Guest Blog: Greg Hancell, Manager of Global Fraud Consulting at OneSpan, explains how banks can apply continuous monitoring and machine learning to defend against account takeover attacks. #AIWeek2021

Account takeover fraud (ATO) is one of the top threats to financial institutions and their customers. In an industry survey by the Aite Group, 89 per cent of financial institution executives pointed to account takeover fraud as the most common cause of losses in the digital channel. Today, cybercriminals remain focused on ATO, new account fraud, and card-not-present fraud. The 2020 Identity Fraud report by Javelin Strategy & Research found account takeovers trending at the highest loss rate to date, up a staggering 72 per cent on 2019, to $5.1 billion, and a 120 per cent increase on 2016.

Continuous monitoring and ATO

An effective way to recognise and defend against account takeover attacks is to implement continuous monitoring on digital platforms.

In the past, we would generally authenticate users during login or a transaction. Now, however, we have an abundance of data because users access their account through the web or mobile banking, and there are events constantly streaming to the financial institution as the user progresses through their session. This movement to digital banking lends itself well to continuous monitoring ­the capacity to keep watch on all the events as they happen – not just the login and the transaction, but also requesting a balance, creating a new beneficiary, adding a new device or changing an address. From the moment a user lands on a webpage, continuous monitoring enables behavioural understanding, as it identifies their normal online journey and interactions with their accounts and devices. Moreover, a profile can be created on all devices used in a particular session.
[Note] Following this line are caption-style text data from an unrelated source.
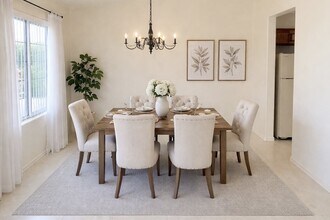 501 W Spur Ave in Gilbert, AZ - Building Photo - Building Photo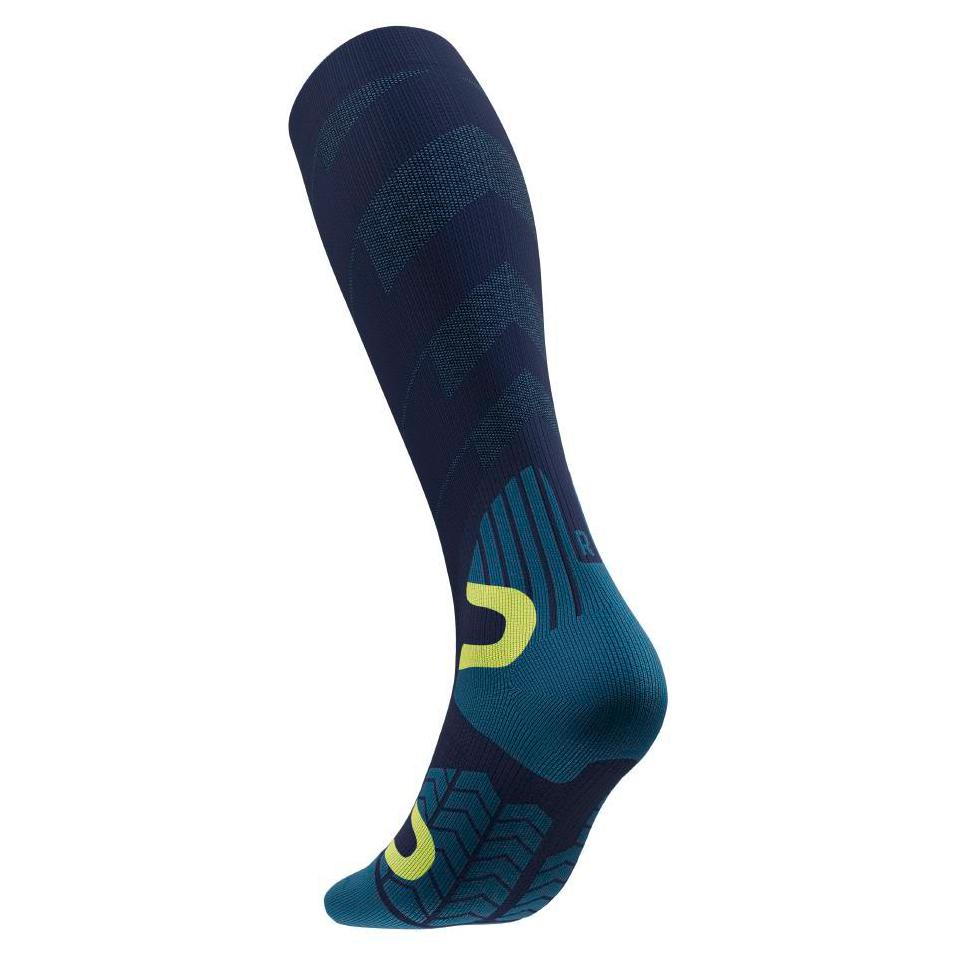 product/b/a/bauerfeind_4057532561314_blue_6.jpg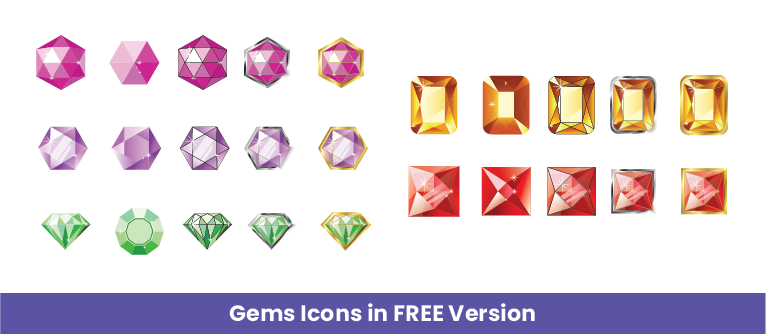 fitness-free_Gems-Free-copy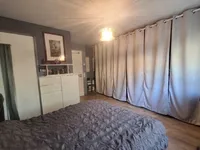 Недвижимость Apartment 2 bedrooms for sale in Hesperange: 7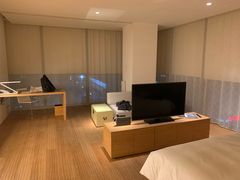 -北京瑜舍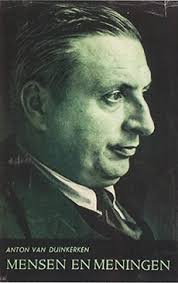 Publicaties en Voordrachten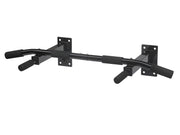 Pull Up Bar Muscle Trainer Wall-Mounted 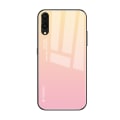 Miniatyrbillede 5 af 11: Huawei P20 - Skal 4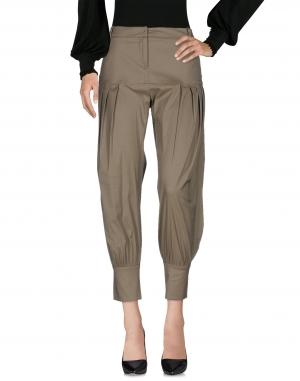 Брюки PATRIZIA PEPE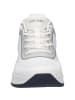 Josef Seibel Sneaker Mitchell 15 in weiß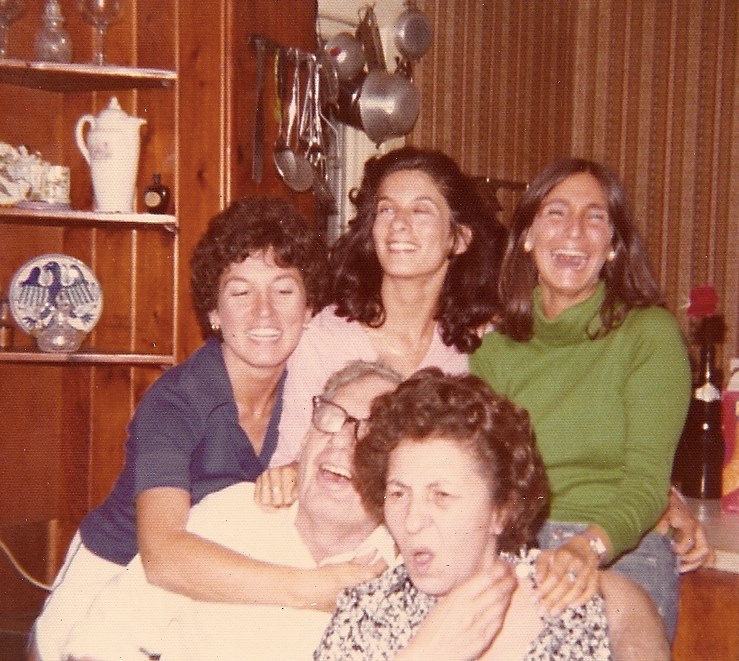 10698443_10153233179219129_2872798984540170424_n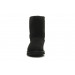 CLASSIC SHORT BLACK 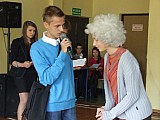 dscf4006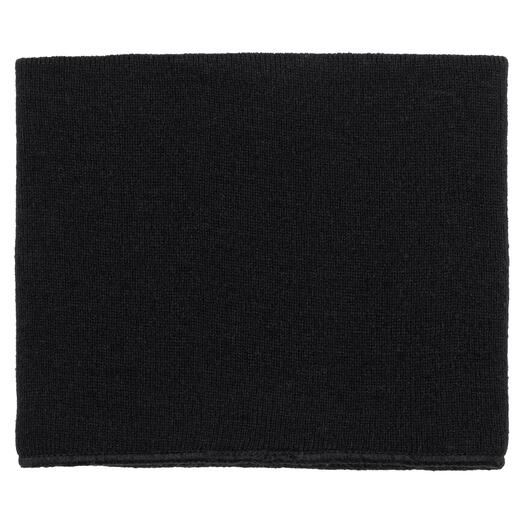 Infinite Neck Warmer 1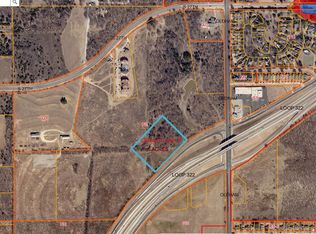 3400 Loop 322, Abilene, TX 79602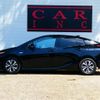 toyota prius-phv 2018 quick_quick_DLA-ZVW52_ZVW52-3099379 image 20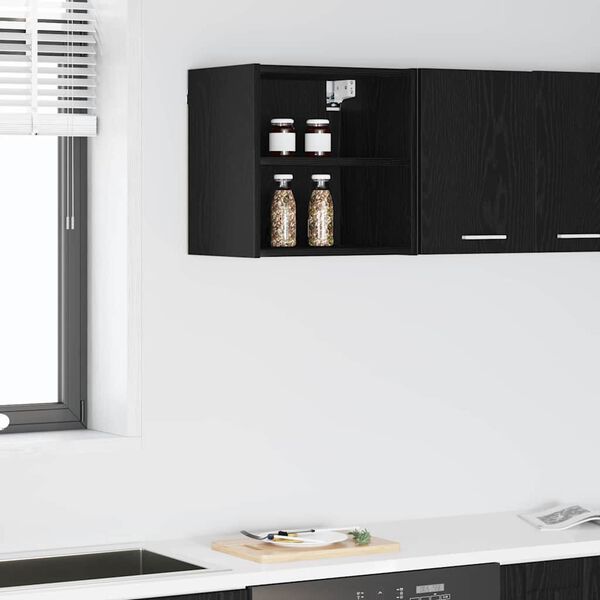 Viser 2 av 12 produktbilde(r)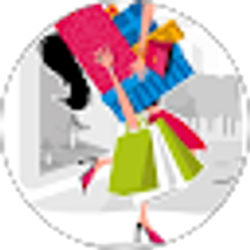 Profile photo of Jerrica Smith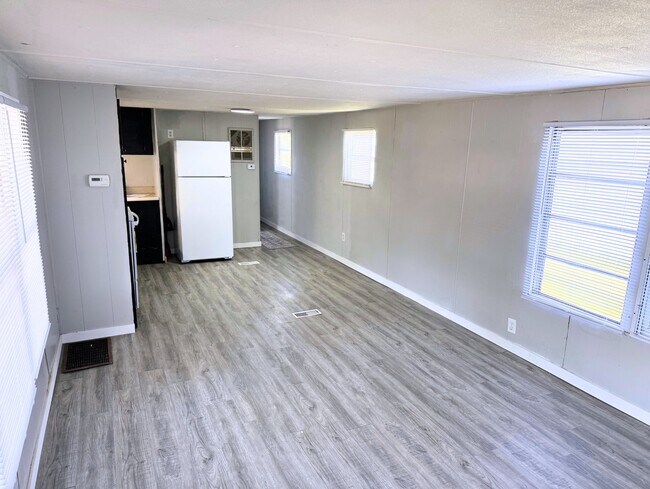 Foto del edificio - 661 N 19th St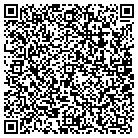QR code with Pro Tae Kwon DO Center contacts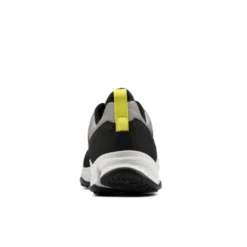 TriPathTrek GTX 9 TriPathTrek GTX -StrideVibe Store 26156635 E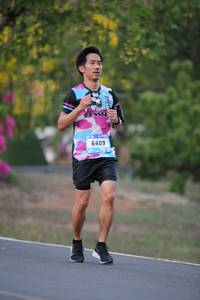 BIB: 6409
                            <button type="button" onclick="openModal(3502665)" class="btn btn-primary btn-sm float-right btn-popup" data-toggle="modal" data-target=".modal-high-quality">
                        <i class="fas fa-shopping-cart"></i> Add to Cart
                    </button>
                                            <button type="button" onclick="isThisMe(3502665, true)" class="btn btn-success btn-sm float-right btn-popup btn-isme hidden" data-toggle="tooltip" data-placement="bottom" title="นี่คือรูปของคุณใช่ไหม คลิกที่นี่เพื่อเอาเข้าอัลบั้ม">
                        <i class="fas fa-plus"></i> Add to album
                    </button>
                    <button type="button" onclick="isThisMe(3502665, false)" class="btn btn-warning btn-sm float-right btn-popup btn-isnotme hidden">
                        <i class="fas fa-ban"></i> Remove from album
                    </button>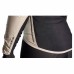 Jacheta SPECIALIZED Women's Race-Seris Wind - Taupe L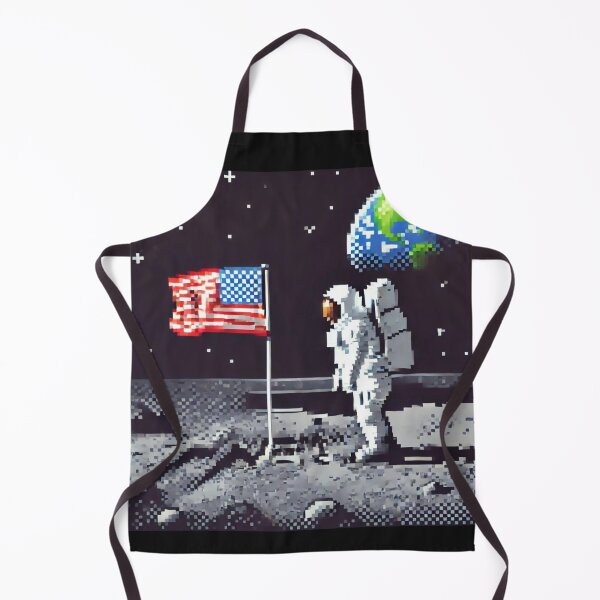Item preview, starship designed and sold by TEEJAMBOREE.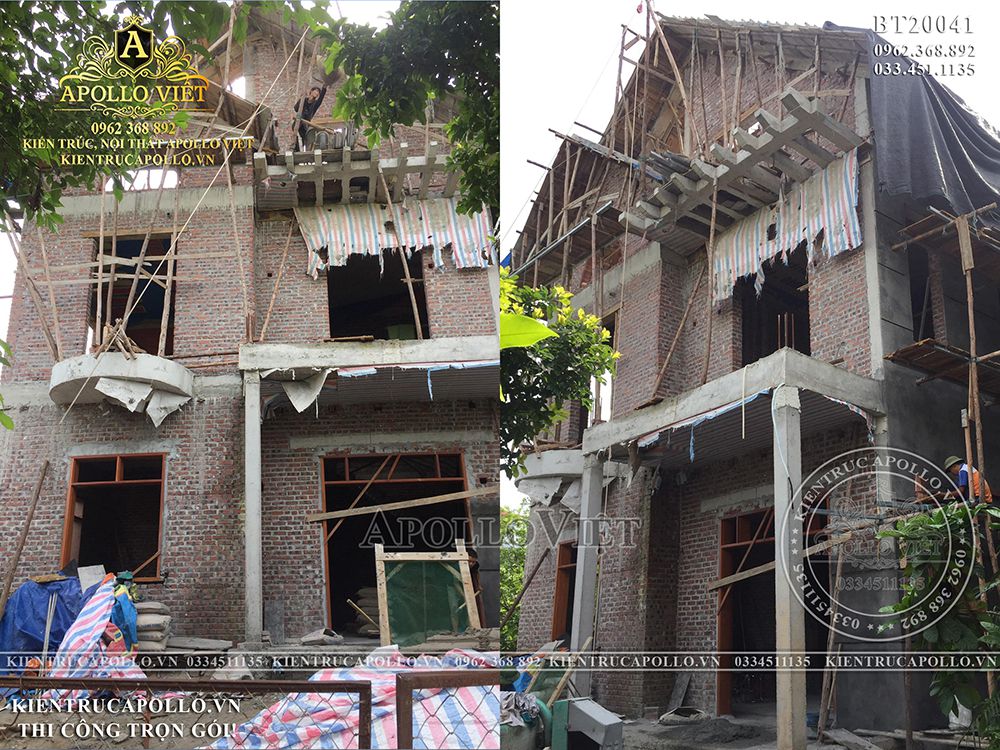 thi-cong-nha-mai-thai-2-tang-3-phong-ngu-1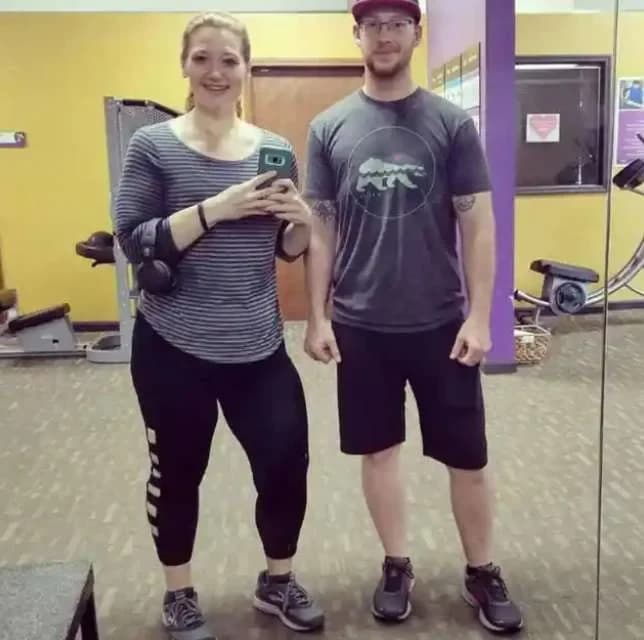 Exercise Tips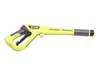 Homelite 308760087 Trigger Handle 3300Psi Overmol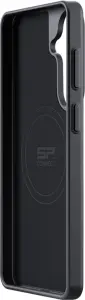 SP CONNECT - PHONE CASE SPC+ S26+ - 06360753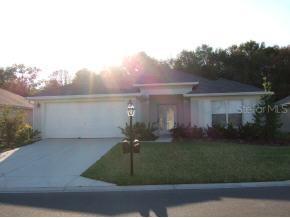 13208 SE 86 Cir., Summerfield, FL 34491
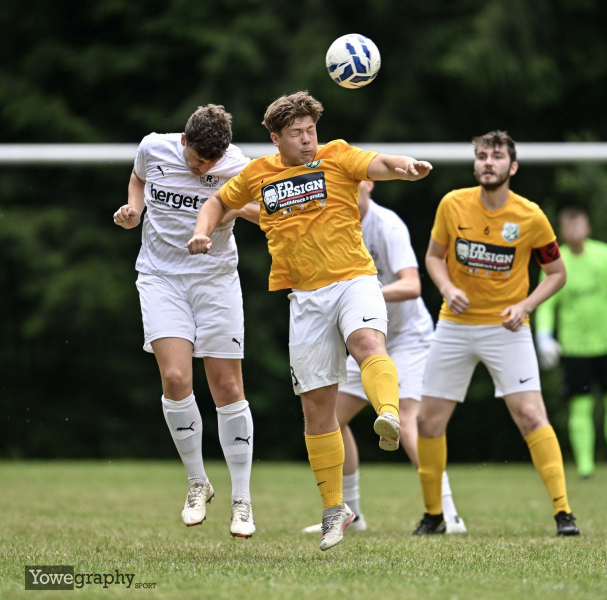 03_Yowegraphy_Jonas_Wenzel_250713_YZ98158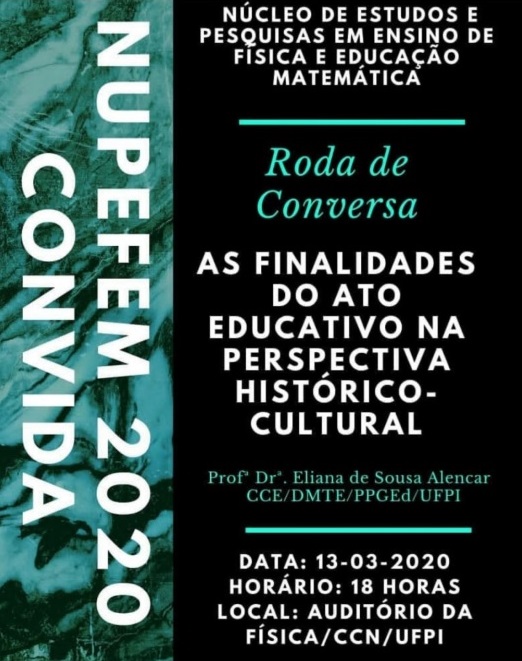 roda de conversa fisica20200310165511
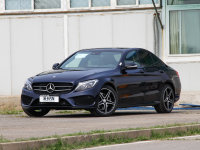 �����˶����� ����C300�˶���ʵ�Ľ���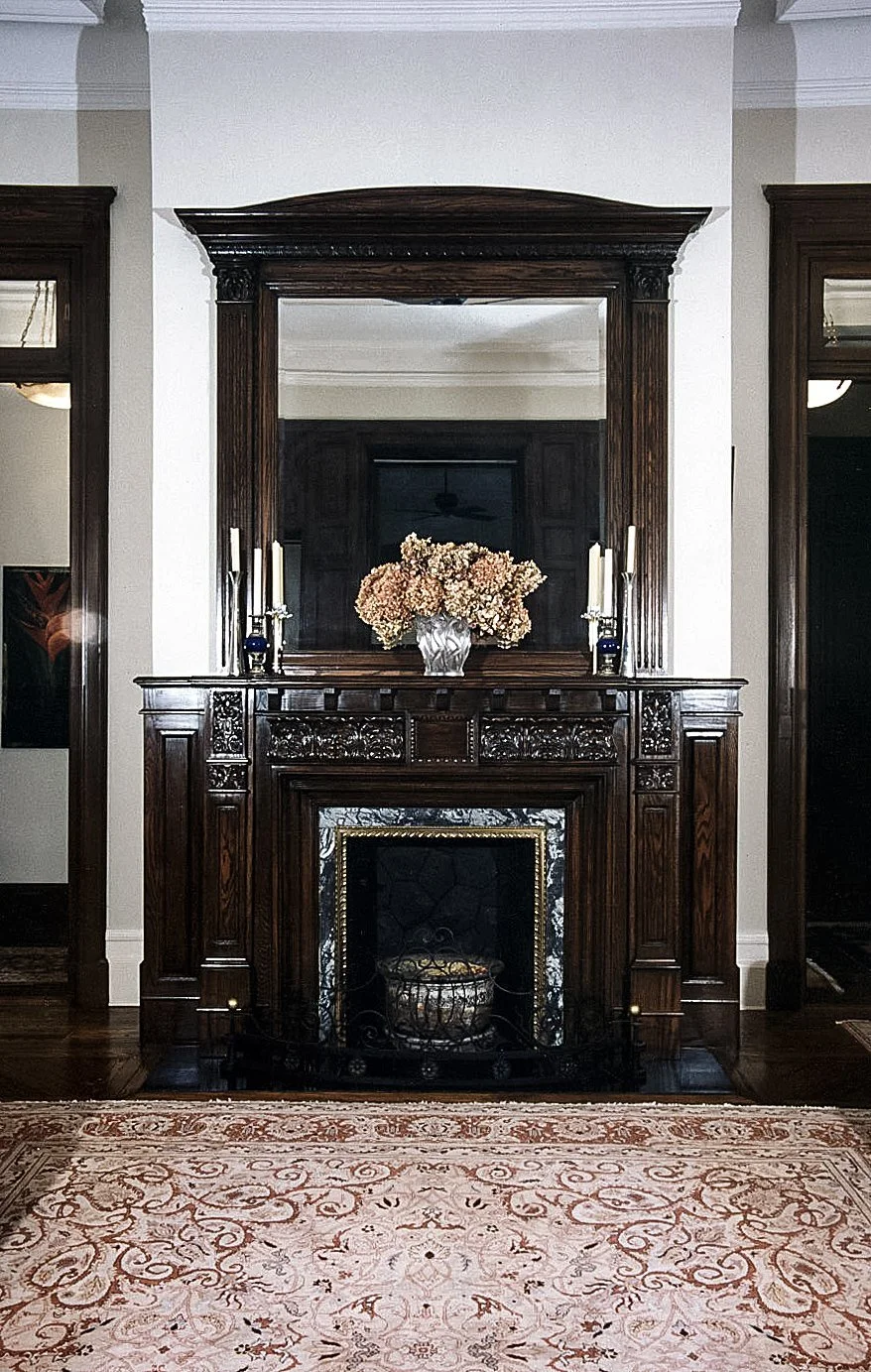 Dakota fireplace.jpg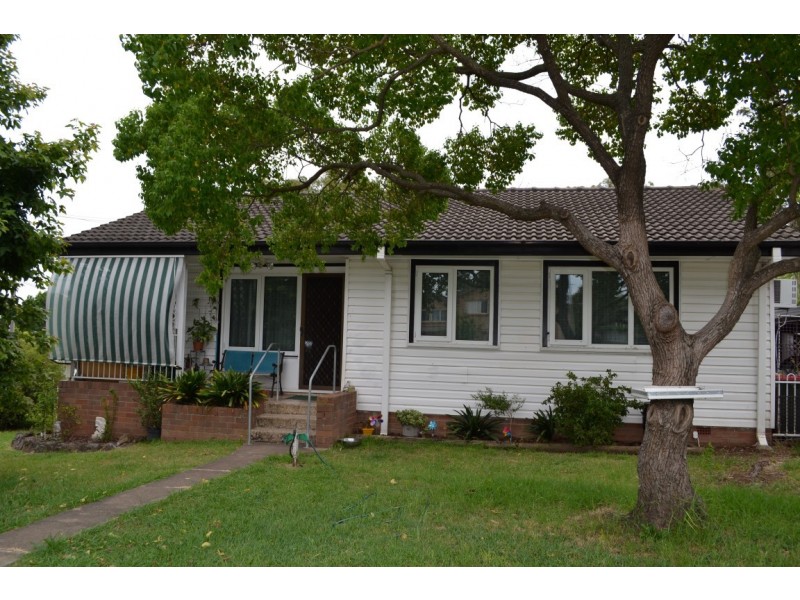 113 Ellsworth Drive, Tregear NSW 2770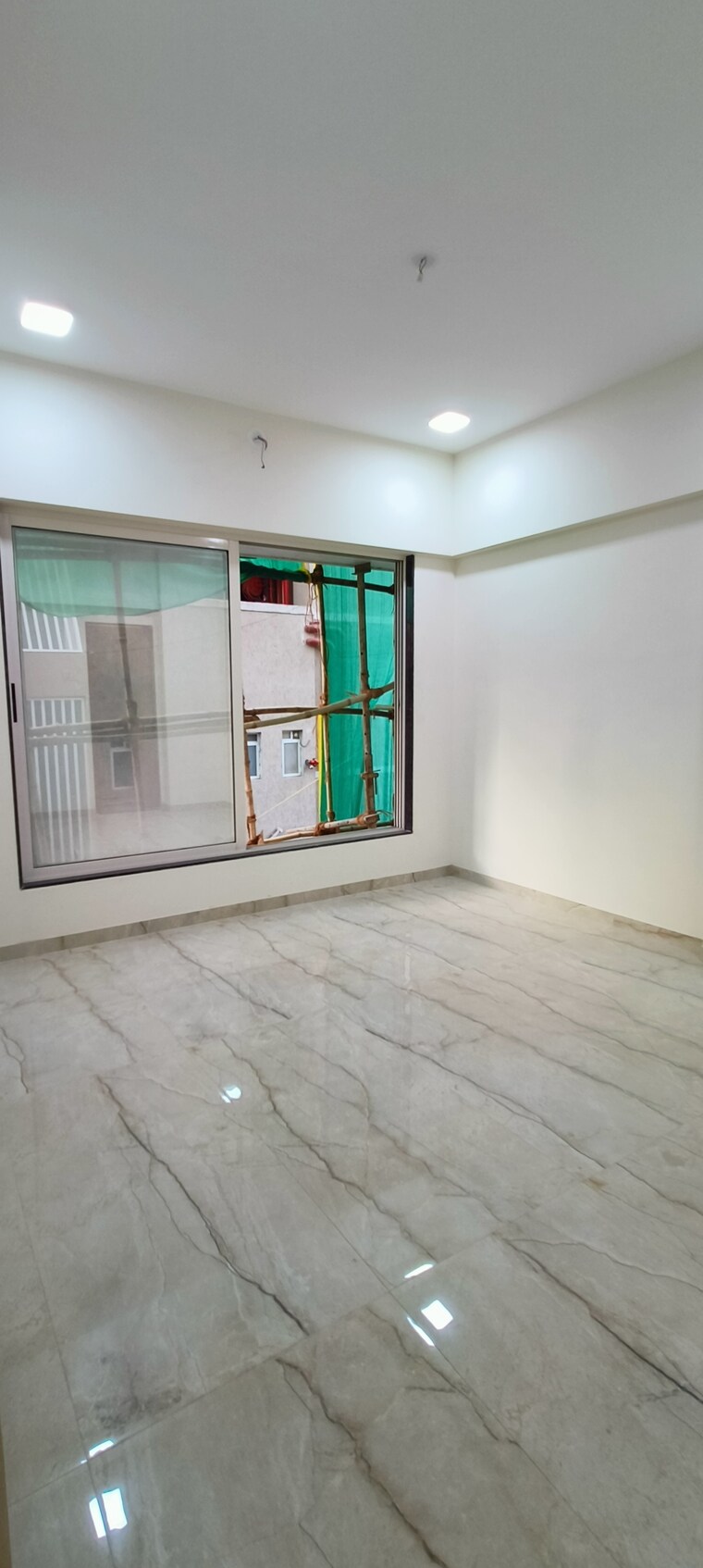 Room, shri-mahavir-krupa-chs 2 Bedroom 625 Sq.Ft. Apartment In Borivali West Mumbai 9458374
This combines seamlessly with other protections such as two-factor authentication or dynamic linking, because it allows the bank to utilise context from these authentication methods as well. (Dynamic linking, a requirement of the second Payment Services Directive (PSD2), ensures that there is a unique authentication code for each transaction that is specific to the transaction amount and recipient). Continuous monitoring provides that, as the behaviour of the user becomes known, new behaviour can be identified that might indicate a new person (i.e., an attacker) or a bot. Typical indicators of attacks, such as new or known nefarious devices, cookies, headers, referrers, locations, bots, beneficiaries or others, can be monitored in real-time and distinguished from normal customer behaviour.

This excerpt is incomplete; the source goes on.